Chypre a été divisé en 1974, lorsque la Turquie a envahi l'île quelques jours après le coup d'État des partisans de l'union avec la Grèce, soutenus par la junte grecque. Seule la Turquie reconnaît la déclaration d'indépendance chypriote turque de 1983 et maintient plus de 35 000 soldats dans le nord.
Chypre a rejoint l'Union européenne en 2004, mais seule la partie sud-chypriote grecque, où siège le gouvernement internationalement reconnu. De nombreux Chypriotes turcs possèdent des passeports chypriotes reconnus par l'UE, mais vivent dans le nord.
Les enjeux d'un accord de paix à Chypre sont considérables.
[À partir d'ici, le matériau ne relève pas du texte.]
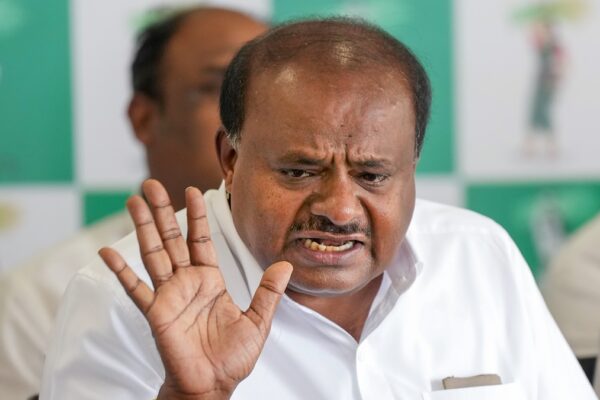 HD Kumaraswamy oppose land acquisition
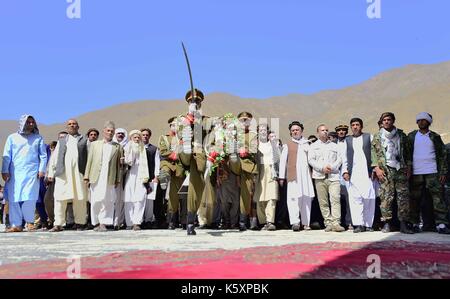 Pandschirtal Afghanistan. 10 Sep, 2017. Menschen nehmen an der 16. Jahrestag des Martyriums des Ahmad Shah Massoud an seinem Grab in pandschirtal Province, Afghanistan, Sept. 10, 2017. Afghanistan markiert am Sonntag, dem 16. Jahrestag des Martyriums des Nationalheld Ahmad Shah Massoud Hommage an all jene, die ihr Leben im Krieg gegen die Invasion der Sowjetunion und der Taliban Angriff verloren zu bezahlen. Credit: Dai Er/Xinhua/Alamy leben Nachrichten Stockfoto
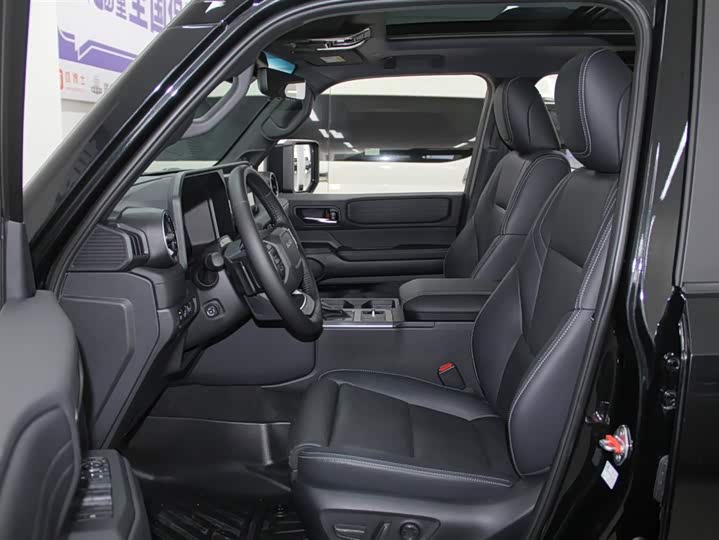 Toyota Prado, 2025 — фото 7 из 9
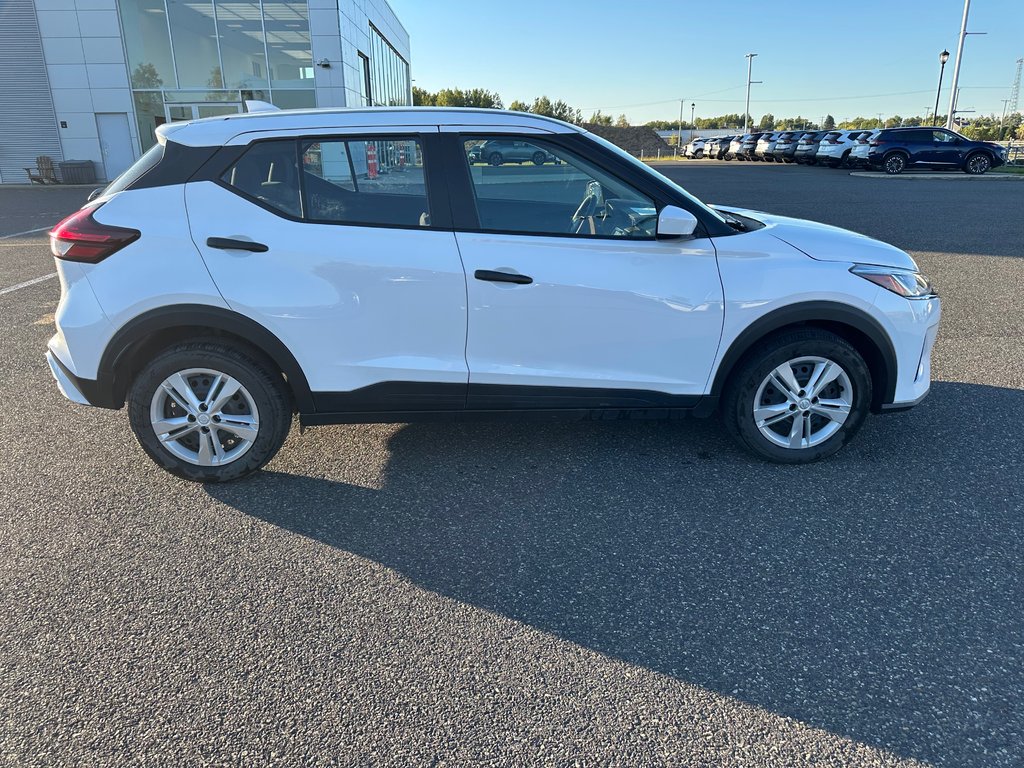 Nissan Kicks Play S 2025 à Cowansville, Québec - 3 - w1024h768px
La paix pourrait accélérer l'exploitation d'importants gisements de gaz naturel situés au large de la côte sud de Chypre, susceptibles d'alimenter l'Égypte et l'Europe en électricité. Elle pourrait également lever les objections turques à un projet de câble électrique reliant la Grèce et Chypre. Israël serait favorable à l'extension de cette liaison à son propre réseau électrique.
Même si le résultat des élections est de bon augure pour une initiative soutenue par l'ONU visant à relancer les négociations officielles, d'importants défis subsistent pour parvenir à un accord de paix.
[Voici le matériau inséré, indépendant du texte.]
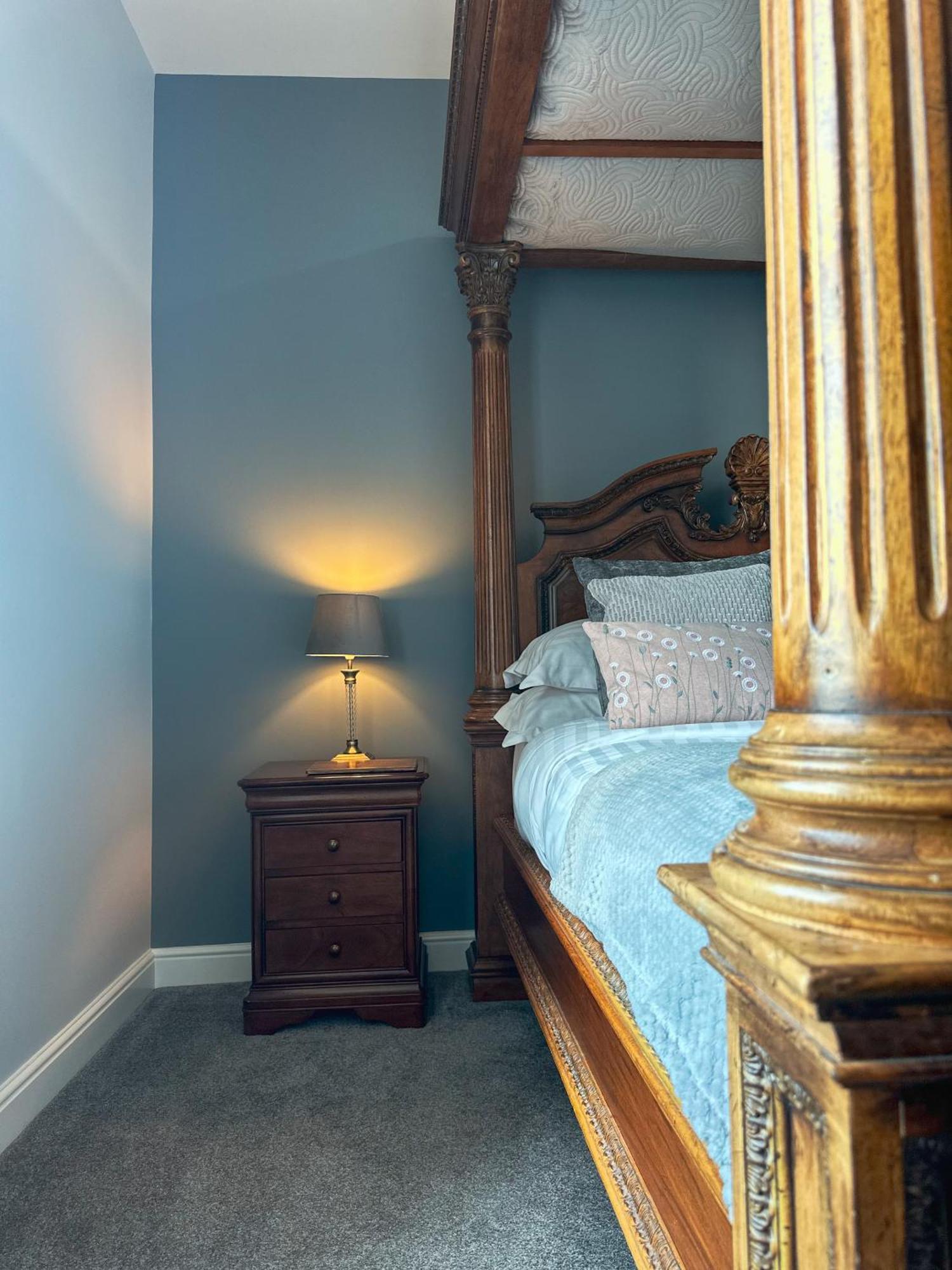 The Corbet Arms Hotel Uffington  Ruang foto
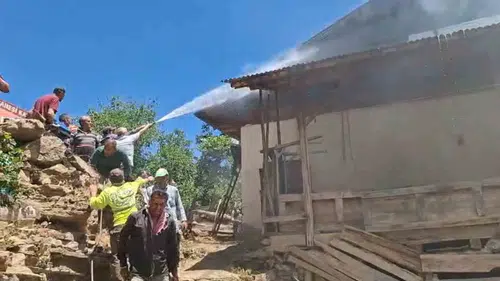Adana Feke’de korkutan ev yangını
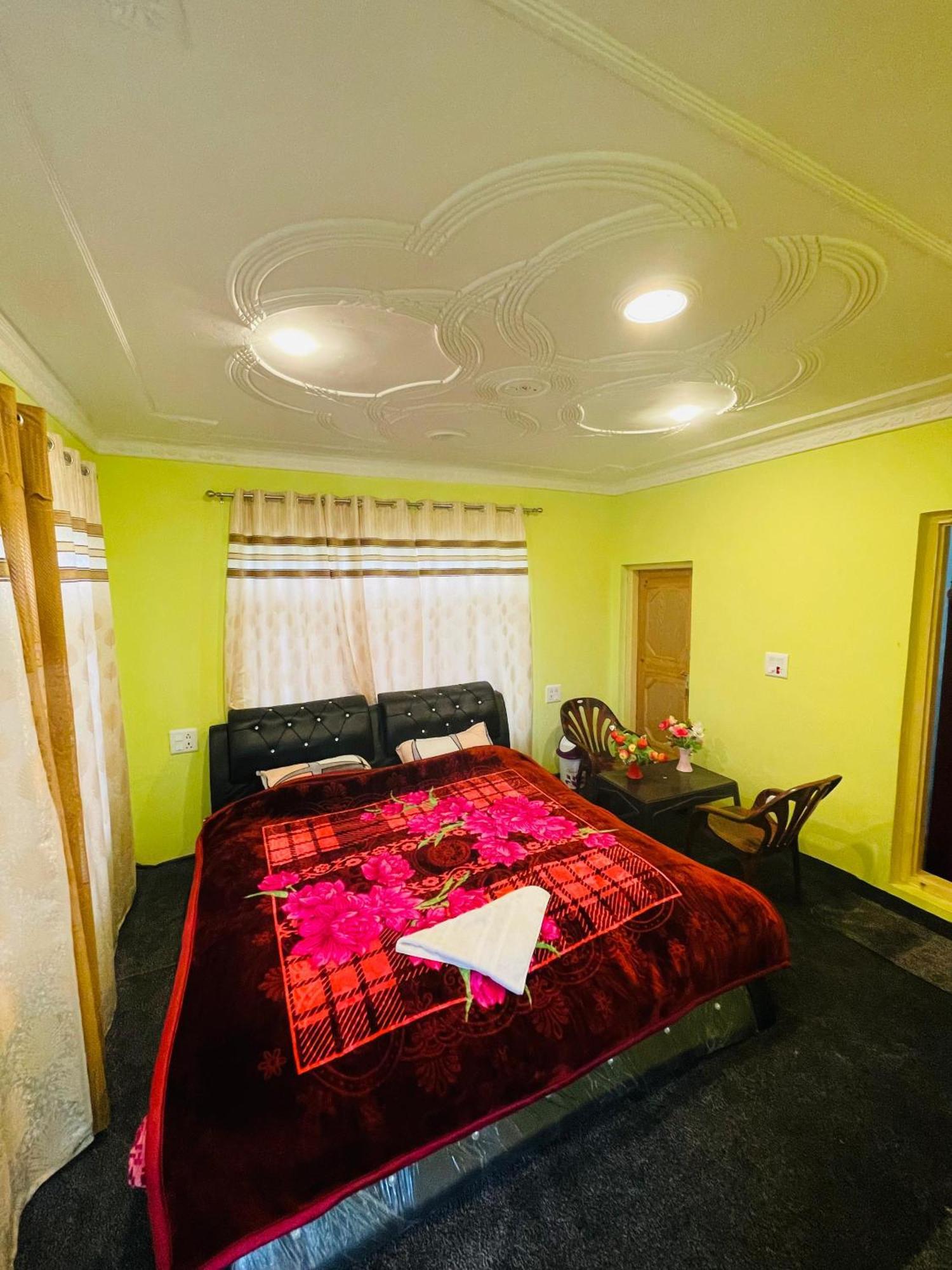 Fab Ocean Guest House Tangmarg Esterno foto
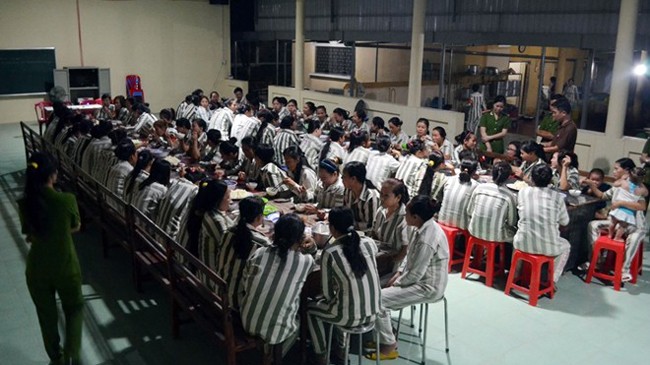 Tối 30/8, lãnh đạo trại giam Thủ Đức (huyện Hàm Tân, tỉnh Bình Thuận) tổ chức liên hoan thân mật giữa những trại viên được đặc xá năm 2015 với những phạm nhân còn phải ở lại để cải tạo. Cả nước có hơn 18.000 người được hưởng đặc xá, riêng trại giam Thủ Đứ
Le président turc Recep Tayyip Erdogan a clairement indiqué, lors de son discours à l'Assemblée générale le mois dernier, qu'il soutenait un accord à deux États pour Chypre. Félicitant M. Erhurman pour sa victoire dimanche, M. Erdogan a déclaré que la Turquie pouvait continuer à défendre «les droits et intérêts souverains» des Chypriotes turcs séparatistes. Il est difficile de savoir si M. Erhurman a l'influence nécessaire pour s'écarter de cette ligne, compte tenu de la dépendance économique et politique du Nord vis-à-vis de la Turquie.
M. Erhurman a rejeté les allégations selon lesquelles il chercherait à abolir les droits d'intervention militaire de la Turquie, prévus par tout accord de paix. Les Chypriotes grecs considèrent que tout droit de ce type, inscrit dans un accord, constitue une menace pour leur propre sécurité. Des responsables chypriotes grecs ont affirmé que l'élément déclencheur des négociations de 2017 était l'insistance de la Turquie à maintenir indéfiniment son droit d'intervention et le maintien de ses troupes sur l'île.
Si la minorité chypriote turque affirme qu'une présence militaire turque est nécessaire à sa protection, les Chypriotes grecs interprètent cela comme un moyen pour Ankara d'affirmer son contrôle sur l'ensemble de l'île.
M. Erhurman affirme que l'«égalité politique» des Chypriotes turcs est non négociable. Ce terme obscur est interprété différemment par les deux parties, mais les Chypriotes grecs jugent injuste la revendication par la minorité chypriote turque d'un droit de veto sur toutes les décisions prises au niveau fédéral.
Le nouveau dirigeant chypriote turc insiste sur le fait que les Chypriotes turcs ne devraient pas être les seuls à subir les conséquences d'un éventuel nouvel échec des négociations, faisant allusion à la perspective d'un engagement direct de la communauté internationale avec le nord séparatiste, au moyen de liaisons aériennes et d'échanges commerciaux, si un nouveau cycle de négociations échoue. Les Chypriotes grecs ont fait valoir que poser une telle condition aux négociations découragerait toute recherche d'un accord équitable.